My master degree project was mainly focused on geothermometry applied to minerals phases relevant for the Earth and planetary sciences using elasticity and cation exchange.
Meteorites from planetary bodies and minerals from their host-rocks provide fundamental information on planet-scale geological processes (such as convection, plate tectonics and subduction). Moreover, my latest results are focused on the development of the methods used to determine the equilibrium temperature in minerals. Among these the intracrystalline Fe-Mg exchange between M1 and M2 does record the thermal history of rock. This exchange between the crystallographic sites has been successfully applied to constraint orthopyroxenes thermal history. More difficult is to apply this method to clinopyroxenes because of the presence of Ca and Na in M2 site causing the split of this position to M2 and M21. The same method has recently been applied, to cpxs from extraterrestrial sample for example to martian samples.

However, in literature a strong correlation between the total iron content and the slope of the Fe2+-Mg equilibrium distribution coefficient (kD) as a function of temperature has been observed for orthopyroxenes and pigeonites. Therefore, the main aim of my work was to determine a new geothermometric calibration for augite from a 120-m-thick lava flow from Ontario, Canada and establish a possible role of Fe content, in the range of compositions between Fs9 and Fs24, on the equilibrium behavior in augites from the same geological setting.

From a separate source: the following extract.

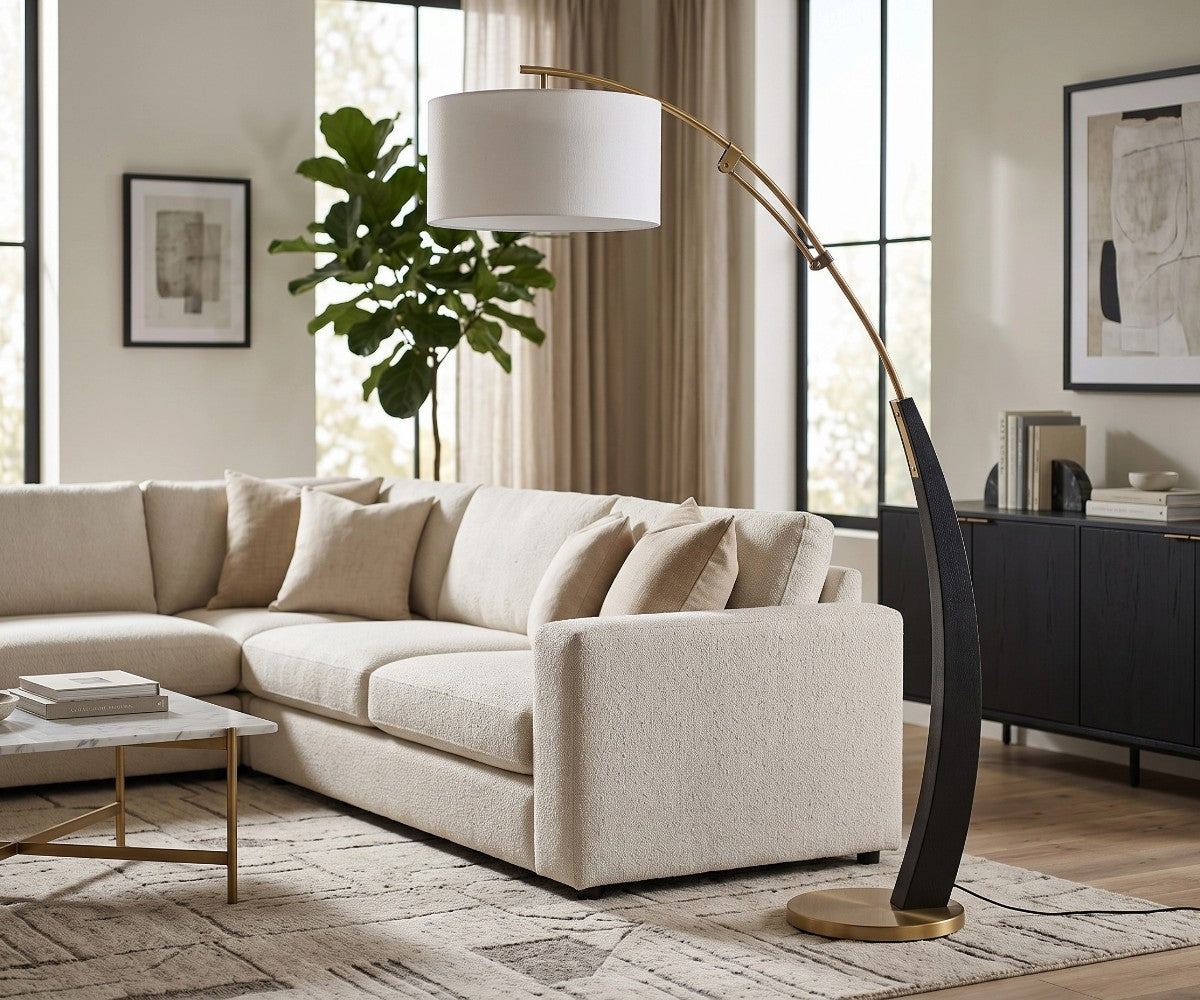 Black and gold arc floor lamp with white drum shade styled beside a sofa in a luxurious, well-lit modern living room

This allwed me to evaluate the compositional effects (mainly Fe content) by comparison with the data previously obtained on augite from MIL 03346 Martian sample

This project was mainly carried out by means of single-crystal X-ray diffraction using both area and point detectors whereas the annealing and quenching procedure is carried out using large ovens.


Currently I am studying host-inclusion pairs in order to determine their formation conditions by using single-crystal X-ray diffraction (SC-XRD) and micro-raman spectroscopy. X-ray diffraction experiments allow the measure of thermoelastic properties of minerals and the determination of their equations of state (i.e Volume against P-T parameters) that are the starting point to calculate the entrapment pressure of the host-inclusion system. The elastic properties of minerals are fundamental data to understand how the system behaves from such depth to Earth surface during exhumation processes.

Raman spectroscopy

Performing in-situ experiments in Diamond Anvil Cell (DAC) by using high-resolution single-crystal X-ray diffraction (HR-SC-XRD) and Raman spectroscopy in order to obtain a calibration of the Raman shifts under non-hydrostatic stresses on anisotropic minerals (i.e Quartz and Coesite that are very abundant inclusion minerals and they are also very sensitive to deviatoric stresses),it would be worthwhile because the only available data in literature are about Raman spectra of isotropic minerals under hydrostatic stress.

DFT (Density Functional Theory)

Density functional Theory allows us to calculate ab-initio raman spectra for minerals under deviatoric stresses in order to compare them with those obtained from diamond anvil cell (DAC) experiments.


1.  M. Murri, L. Scandolo, A. Fioretti, M.C. Domeneghetti and M. Alvaro (2016). Fe-Mg equilibrium behaviour in augite: implications for the thermal history of terrestrial and extraterrestrial rocks. American mineralogist (submitted).